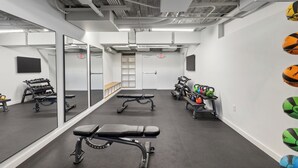 Een sportschool met trainingsapparatuur, een bank en een muur met fitnessballen.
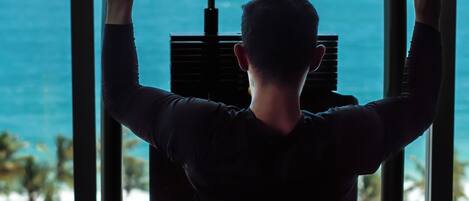A person exercising on a pull-up bar with a view of the ocean through large windows.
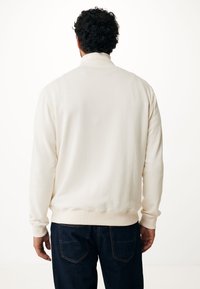 Sudadera color crema con cuello alto, puños y dobladillo canalé. Combinada con jeans azul oscuro, mostrando una textura suave y lisas.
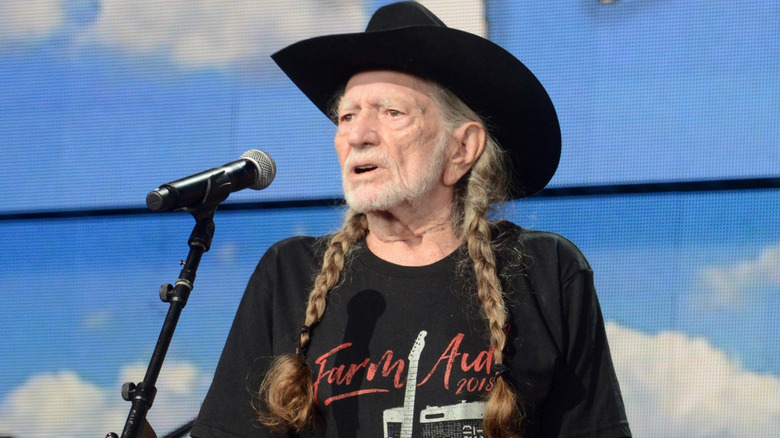 Willie Nelson performing at Farm Aid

### What is being asked
Copy the final stretch of lines, starting at the one that holds "Sudadera color crema" and ending at the last line of the data, exactly; omit pictures.

### Answer for the task
 Sudadera color crema con cuello alto, puños y dobladillo canalé. Combinada con jeans azul oscuro, mostrando una textura suave y lisas.
 Willie Nelson performing at Farm Aid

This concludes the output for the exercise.